— ASSIGNMENT —
Let the output be exactly the lines from the one containing "<p>CNN Yunanistan'daki analize" through the end of the records below, both included.
____ DATASET EXCERPTS
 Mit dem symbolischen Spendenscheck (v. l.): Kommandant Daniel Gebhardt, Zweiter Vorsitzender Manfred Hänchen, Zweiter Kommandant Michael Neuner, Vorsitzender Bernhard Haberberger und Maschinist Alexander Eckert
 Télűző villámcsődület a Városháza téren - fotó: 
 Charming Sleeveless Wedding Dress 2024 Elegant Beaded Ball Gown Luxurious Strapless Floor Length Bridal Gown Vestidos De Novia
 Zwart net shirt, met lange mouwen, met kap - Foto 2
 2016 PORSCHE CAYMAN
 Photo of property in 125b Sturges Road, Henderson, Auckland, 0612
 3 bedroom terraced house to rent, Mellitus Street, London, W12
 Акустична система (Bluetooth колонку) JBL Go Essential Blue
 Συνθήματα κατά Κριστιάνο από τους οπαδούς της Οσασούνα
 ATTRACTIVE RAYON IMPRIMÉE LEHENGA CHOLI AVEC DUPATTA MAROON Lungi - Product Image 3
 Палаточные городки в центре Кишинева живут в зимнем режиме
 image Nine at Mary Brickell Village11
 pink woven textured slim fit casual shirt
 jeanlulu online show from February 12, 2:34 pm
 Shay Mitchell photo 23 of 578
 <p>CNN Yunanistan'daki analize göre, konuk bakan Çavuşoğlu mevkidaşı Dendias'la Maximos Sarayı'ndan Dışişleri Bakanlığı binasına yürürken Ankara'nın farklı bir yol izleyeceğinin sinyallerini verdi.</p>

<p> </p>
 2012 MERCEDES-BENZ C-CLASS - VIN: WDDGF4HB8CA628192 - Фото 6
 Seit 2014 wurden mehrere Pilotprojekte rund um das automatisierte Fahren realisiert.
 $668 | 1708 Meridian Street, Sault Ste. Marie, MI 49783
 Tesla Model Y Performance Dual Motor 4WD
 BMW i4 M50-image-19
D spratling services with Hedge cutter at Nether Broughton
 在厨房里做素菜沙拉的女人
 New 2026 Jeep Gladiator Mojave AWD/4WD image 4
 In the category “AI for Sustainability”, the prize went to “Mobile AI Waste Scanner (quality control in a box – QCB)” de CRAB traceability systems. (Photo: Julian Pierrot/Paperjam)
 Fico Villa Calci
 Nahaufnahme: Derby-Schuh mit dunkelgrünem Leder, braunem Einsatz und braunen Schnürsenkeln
________
— PROBLEM SOLUTION —
 <p>CNN Yunanistan'daki analize göre, konuk bakan Çavuşoğlu mevkidaşı Dendias'la Maximos Sarayı'ndan Dışişleri Bakanlığı binasına yürürken Ankara'nın farklı bir yol izleyeceğinin sinyallerini verdi.</p>

<p> </p>
 2012 MERCEDES-BENZ C-CLASS - VIN: WDDGF4HB8CA628192 - Фото 6
 Seit 2014 wurden mehrere Pilotprojekte rund um das automatisierte Fahren realisiert.
 $668 | 1708 Meridian Street, Sault Ste. Marie, MI 49783
 Tesla Model Y Performance Dual Motor 4WD
 BMW i4 M50-image-19
D spratling services with Hedge cutter at Nether Broughton
 在厨房里做素菜沙拉的女人
 New 2026 Jeep Gladiator Mojave AWD/4WD image 4
 In the category “AI for Sustainability”, the prize went to “Mobile AI Waste Scanner (quality control in a box – QCB)” de CRAB traceability systems. (Photo: Julian Pierrot/Paperjam)
 Fico Villa Calci
 Nahaufnahme: Derby-Schuh mit dunkelgrünem Leder, braunem Einsatz und braunen Schnürsenkeln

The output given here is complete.